§ **Provided data**:

◆ ◆ ◆ ◆

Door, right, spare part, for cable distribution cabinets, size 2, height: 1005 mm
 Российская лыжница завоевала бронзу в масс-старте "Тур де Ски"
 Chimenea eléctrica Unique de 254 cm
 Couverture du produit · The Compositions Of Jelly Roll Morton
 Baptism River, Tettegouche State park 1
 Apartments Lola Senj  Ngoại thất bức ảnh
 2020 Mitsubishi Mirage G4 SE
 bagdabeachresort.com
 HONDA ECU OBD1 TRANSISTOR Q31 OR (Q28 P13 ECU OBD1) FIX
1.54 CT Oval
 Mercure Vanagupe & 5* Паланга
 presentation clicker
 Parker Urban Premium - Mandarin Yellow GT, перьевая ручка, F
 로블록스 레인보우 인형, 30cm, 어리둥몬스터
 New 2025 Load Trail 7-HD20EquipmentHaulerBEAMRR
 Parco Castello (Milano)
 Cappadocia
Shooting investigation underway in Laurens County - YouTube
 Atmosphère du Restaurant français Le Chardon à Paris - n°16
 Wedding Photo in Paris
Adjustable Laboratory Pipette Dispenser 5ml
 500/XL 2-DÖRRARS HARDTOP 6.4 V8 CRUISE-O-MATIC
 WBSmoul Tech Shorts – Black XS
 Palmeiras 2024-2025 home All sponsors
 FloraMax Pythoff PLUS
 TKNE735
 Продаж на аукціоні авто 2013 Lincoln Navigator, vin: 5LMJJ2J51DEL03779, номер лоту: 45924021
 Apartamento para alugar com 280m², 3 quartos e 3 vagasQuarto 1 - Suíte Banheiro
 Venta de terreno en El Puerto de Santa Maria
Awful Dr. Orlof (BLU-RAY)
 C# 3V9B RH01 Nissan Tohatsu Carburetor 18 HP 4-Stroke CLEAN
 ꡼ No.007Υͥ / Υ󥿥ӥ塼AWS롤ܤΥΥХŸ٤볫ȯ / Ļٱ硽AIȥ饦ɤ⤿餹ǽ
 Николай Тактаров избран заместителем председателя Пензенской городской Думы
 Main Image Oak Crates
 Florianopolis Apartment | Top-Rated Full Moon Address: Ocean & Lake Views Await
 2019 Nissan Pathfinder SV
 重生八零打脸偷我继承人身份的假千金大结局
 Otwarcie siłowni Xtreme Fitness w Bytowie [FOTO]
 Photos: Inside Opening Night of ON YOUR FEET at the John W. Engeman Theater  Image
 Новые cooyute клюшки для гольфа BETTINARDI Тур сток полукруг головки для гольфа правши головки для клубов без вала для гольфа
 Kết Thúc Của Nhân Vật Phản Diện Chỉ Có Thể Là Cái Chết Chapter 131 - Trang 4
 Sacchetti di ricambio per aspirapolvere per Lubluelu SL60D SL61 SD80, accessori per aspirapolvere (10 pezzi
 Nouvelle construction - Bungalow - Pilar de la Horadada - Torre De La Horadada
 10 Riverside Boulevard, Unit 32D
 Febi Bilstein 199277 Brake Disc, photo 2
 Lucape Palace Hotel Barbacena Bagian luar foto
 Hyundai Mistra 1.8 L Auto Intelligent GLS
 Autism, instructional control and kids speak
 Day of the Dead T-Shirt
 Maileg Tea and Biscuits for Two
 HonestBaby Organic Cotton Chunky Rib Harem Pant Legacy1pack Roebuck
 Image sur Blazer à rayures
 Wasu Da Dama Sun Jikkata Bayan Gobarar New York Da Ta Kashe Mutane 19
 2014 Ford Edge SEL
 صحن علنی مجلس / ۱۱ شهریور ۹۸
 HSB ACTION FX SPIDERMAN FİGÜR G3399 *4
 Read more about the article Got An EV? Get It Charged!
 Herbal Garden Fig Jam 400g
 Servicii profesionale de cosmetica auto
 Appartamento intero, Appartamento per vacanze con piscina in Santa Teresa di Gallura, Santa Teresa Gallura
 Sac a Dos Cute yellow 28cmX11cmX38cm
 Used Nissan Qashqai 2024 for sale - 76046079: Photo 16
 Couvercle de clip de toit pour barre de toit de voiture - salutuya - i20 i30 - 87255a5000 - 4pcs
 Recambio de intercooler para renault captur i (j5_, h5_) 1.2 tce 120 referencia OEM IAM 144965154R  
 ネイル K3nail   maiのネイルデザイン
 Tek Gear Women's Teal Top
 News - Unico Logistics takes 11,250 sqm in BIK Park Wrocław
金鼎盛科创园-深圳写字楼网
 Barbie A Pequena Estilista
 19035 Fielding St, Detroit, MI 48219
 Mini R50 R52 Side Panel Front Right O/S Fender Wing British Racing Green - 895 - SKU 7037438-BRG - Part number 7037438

◆ ◆ ◆ ◆

§ **Goal of the exercise**:
For this exercise, please retype exactly the lines in the listing from the line with "Used Nissan Qashqai" through its last line, both ends included.

§ **Output for this task**:
 Used Nissan Qashqai 2024 for sale - 76046079: Photo 16
 Couvercle de clip de toit pour barre de toit de voiture - salutuya - i20 i30 - 87255a5000 - 4pcs
 Recambio de intercooler para renault captur i (j5_, h5_) 1.2 tce 120 referencia OEM IAM 144965154R  
 ネイル K3nail   maiのネイルデザイン
 Tek Gear Women's Teal Top
 News - Unico Logistics takes 11,250 sqm in BIK Park Wrocław
金鼎盛科创园-深圳写字楼网
 Barbie A Pequena Estilista
 19035 Fielding St, Detroit, MI 48219
 Mini R50 R52 Side Panel Front Right O/S Fender Wing British Racing Green - 895 - SKU 7037438-BRG - Part number 7037438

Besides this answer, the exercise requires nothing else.